The same technique applies to the "Barton & Nackman trick", allowing it to be used to provide customizations for explicit namespaces:

namespace user
{
   class fixedpoint
   {
      ...
      friend fixedpoint newstd::math::sin(fixedpoint)
      {
         ...
      }
   };
}

Friend functions defined in this way would not be subject to the usual restrictions that prevent them from being found other than through argument-dependent lookup (see Sections 3.4.1 paragraph 1 and 11.4 paragraph 9 of the standard).

V.

Operators within an explicit namespace should be treated the same way as any other function. Argument-dependent lookup could be explicitly enabled through the use of unqualified using-declarations:

template <class T>
T square(T x)
{
   using operator*;
   return x * x;
}

Those seeking to conveniently enable argument-dependent lookups for all operators within an explicit namespace could easily create a header file that does so:

namespace mymath::
{
   #include "using_ops.hpp"
}
VI.
Partial specialization of function templates would be allowed per N1295. It's worth discussing whether element III of this proposal is needed once we have partial specialization of function templates.

4???Implications for Namespace std and Other Libraries

N1523 describes the WP status resolution to LWG 225, 226, and 229. It allows algorithms in namespace std to call other selected algorithms, most notably swap, without qualification so they can be found via argument-dependent lookup. If we continue to follow that course, implications for std are minimal.
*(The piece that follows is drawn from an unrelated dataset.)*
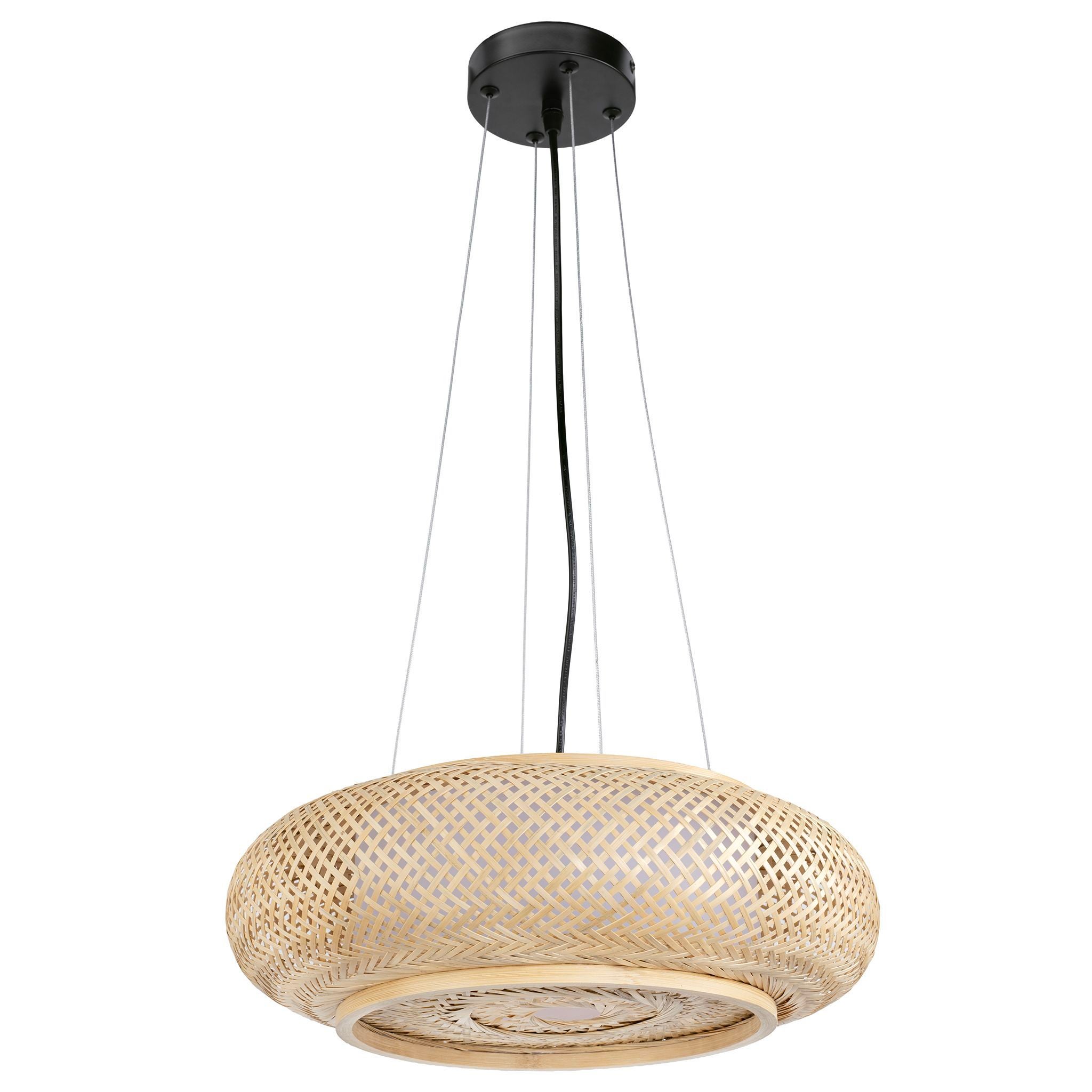 Lampa Sufitowa Wisząca Toolight Boho App1909-3Cp 50 Cm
Authors of generic libraries in other namespaces must always add a using-declaration to bring the generalized algorithm into scope at the point of use, but this is status quo:

namespace lib1
{
  template<class Iterator>
  void lib1_permutation(Iterator start, Iterator finish)
  {
     ...
     using std::swap; // so we can swap built-in types
     swap(x, y);
     ...
  }
}

It is worth noting that when a generalized version of an algorithm exists, as in the case of swap, that algorithm is effectively associated with a namespace. The using-declaration becomes a clumsy form of qualification that indicates the algorithm's home.
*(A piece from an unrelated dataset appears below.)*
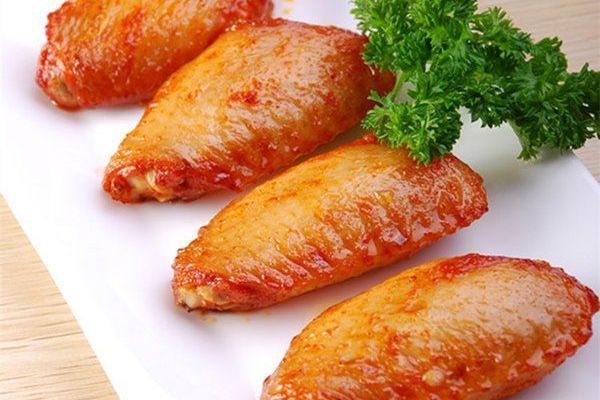 京蔥煮雞翅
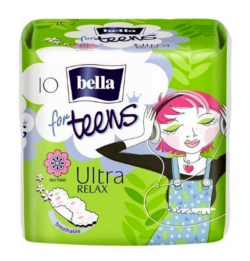 Bella Absorbante pentru Adolescenti Ultra Relax, 10 Buc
If we choose to follow the course of using argument-dependent lookup to allow customization in namespace std, this proposal at least allows implementors to migrate the standard library to a safer explicit namespace without breaking backward compatibility. The list of names and call contexts where argument-dependent lookup takes effect could simply be encoded in unqualified using-declarations.

If we choose not to allow further argument-dependent lookup in namespace std, it could still become an explicit namespace, and implementations could drop their qualification of calls to algorithms like copy. We could grant permission to create overloads in std:: consistent with the standard versions of the same function, allowing users to customize exactly the intended standard library algorithm. Other libraries would call standard algorithms with qualification as usual, and would not need to rely on argument-dependent lookup to resolve the calls.

5???Conclusion

The future of C++ lies in its power to make great libraries, so the issues of library interoperability, customization, and robustness must be taken seriously. If we compare the C++ standard library with the sprawling libraries of languages like Java or Python, it's easy to see that the potential to increase the number of namespaces competing for an unqualified name is enormous. This proposal puts the compiler's static checking at the service of library authors and allows users to conveniently and precisely express the notion of algorithm customization.

[1]

You can also disable ADL by parenthesizing the function name:

(copy)(x, x, false)

but in my opinion this is really against the syntactic spirit of C/C++.

[2] Template authors might consider inviting library clients to supply overloads in the library's own namespace so that the functions can be called with qualification, but because qualified calls are bound at the point of definition, that approach is subject to dangerous #include order dependencies, or, with exported templates, is completely unworkable.
[3] Probably stricter checks for potential matches are possible.
[4] I have some concerns that this rule might rule out some useful applications of SFINAE.